## Activity
Leave the pictures out. Return the rest of the listing below exactly.

## Dataset extract

>>

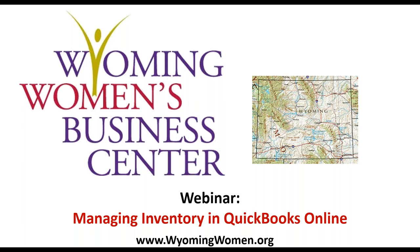This is Christine Langley with the Wyoming Women's Business Center, and I want to welcome you to Managing Inventory in QuickBooks, the online version.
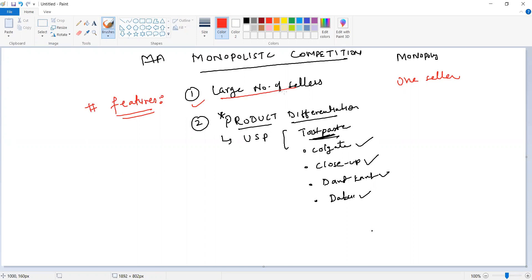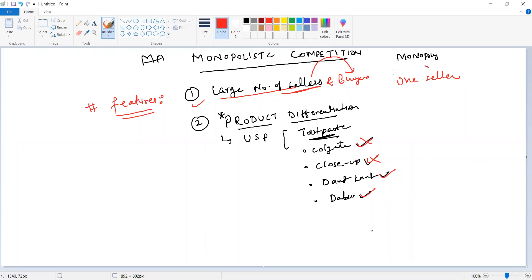There are also large numbers of buyers. The implication is that buyers always have the choice to choose — for instance, if they don't like Colgate, they can go with Close-Up, and if they're not happy with Close-Up, they can go with the ayurvedic option like Dant Kanthi or Dabar. They always have options. But in the case of monopoly, you don't have any options; you have to purchase from that monopolist — you are left with only one option.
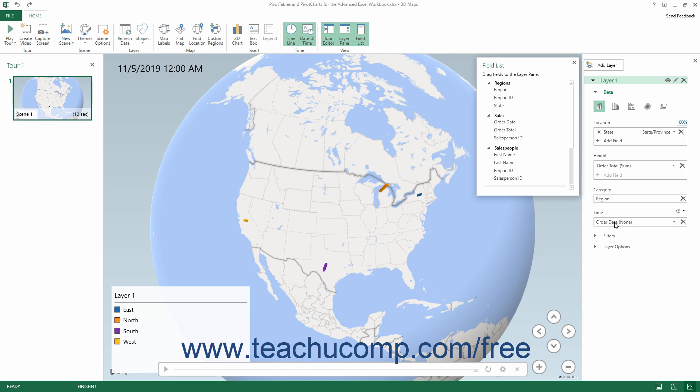To change the duration of time by which to map the related values within the Height, Size, or Value field in the Layer pane, click the drop-down to the right of the data field in the Time field, and then select the desired unit of time from the drop-down that appears.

<<

## Output
This is Christine Langley with the Wyoming Women's Business Center, and I want to welcome you to Managing Inventory in QuickBooks, the online version.
There are also large numbers of buyers. The implication is that buyers always have the choice to choose — for instance, if they don't like Colgate, they can go with Close-Up, and if they're not happy with Close-Up, they can go with the ayurvedic option like Dant Kanthi or Dabar. They always have options. But in the case of monopoly, you don't have any options; you have to purchase from that monopolist — you are left with only one option.
To change the duration of time by which to map the related values within the Height, Size, or Value field in the Layer pane, click the drop-down to the right of the data field in the Time field, and then select the desired unit of time from the drop-down that appears.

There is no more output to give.